Embedding layer

[source]

Embedding class

keras.layers.Embedding(
    input_dim,
    output_dim,
    embeddings_initializer="uniform",
    embeddings_regularizer=None,
    embeddings_constraint=None,
    mask_zero=False,
    weights=None,
    lora_rank=None,
    **kwargs
)

Turns nonnegative integers (indexes) into dense vectors of fixed size.

e.g. [[4], [20]] -> [[0.25, 0.1], [0.6, -0.2]]

This layer can only be used on nonnegative integer inputs of a fixed range.

Example

>>> model = keras.Sequential()
>>> model.add(keras.layers.Embedding(1000, 64))
>>> # The model will take as input an integer matrix of size (batch,
>>> # input_length), and the largest integer (i.e. word index) in the input
>>> # should be no larger than 999 (vocabulary size).
>>> # Now model.output_shape is (None, 10, 64), where `None` is the batch
>>> # dimension.
>>> input_array = np.random.randint(1000, size=(32, 10))
>>> model.compile('rmsprop', 'mse')
>>> output_array = model.predict(input_array)
>>> print(output_array.shape)
(32, 10, 64)

Arguments

  • input_dim: Integer.
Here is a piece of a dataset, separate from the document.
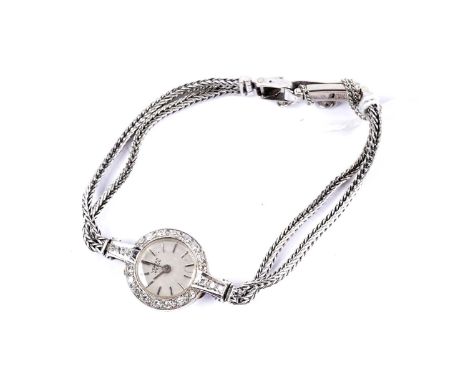 Vertex, Geneve: a diamond set cocktail watch, the silvered baton dial fitted a 17-jewel manual wind movement, in 18ct white g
Size of the vocabulary, i.e. maximum integer index + 1.
  • output_dim: Integer. Dimension of the dense embedding.
  • embeddings_initializer: Initializer for the embeddings matrix (see keras.initializers).
  • embeddings_regularizer: Regularizer function applied to the embeddings matrix (see keras.regularizers).
  • embeddings_constraint: Constraint function applied to the embeddings matrix (see keras.constraints).
  • mask_zero: Boolean, whether or not the input value 0 is a special "padding" value that should be masked out. This is useful when using recurrent layers which may take variable length input. If this is True, then all subsequent layers in the model need to support masking or an exception will be raised. If mask_zero is set to True, as a consequence, index 0 cannot be used in the vocabulary (input_dim should equal size of vocabulary + 1).
  • weights: Optional floating-point matrix of size (input_dim, output_dim). The initial embeddings values to use.
  • lora_rank: Optional integer. If set, the layer's forward pass will implement LoRA (Low-Rank Adaptation) with the provided rank. LoRA sets the layer's embeddings matrix to non-trainable and replaces it with a delta over the original matrix, obtained via multiplying two lower-rank trainable matrices. This can be useful to reduce the computation cost of fine-tuning large embedding layers. You can also enable LoRA on an existing Embedding layer by calling layer.enable_lora(rank).

Input shape

2D tensor with shape: (batch_size, input_length).

Output shape

3D tensor with shape: (batch_size, input_length, output_dim).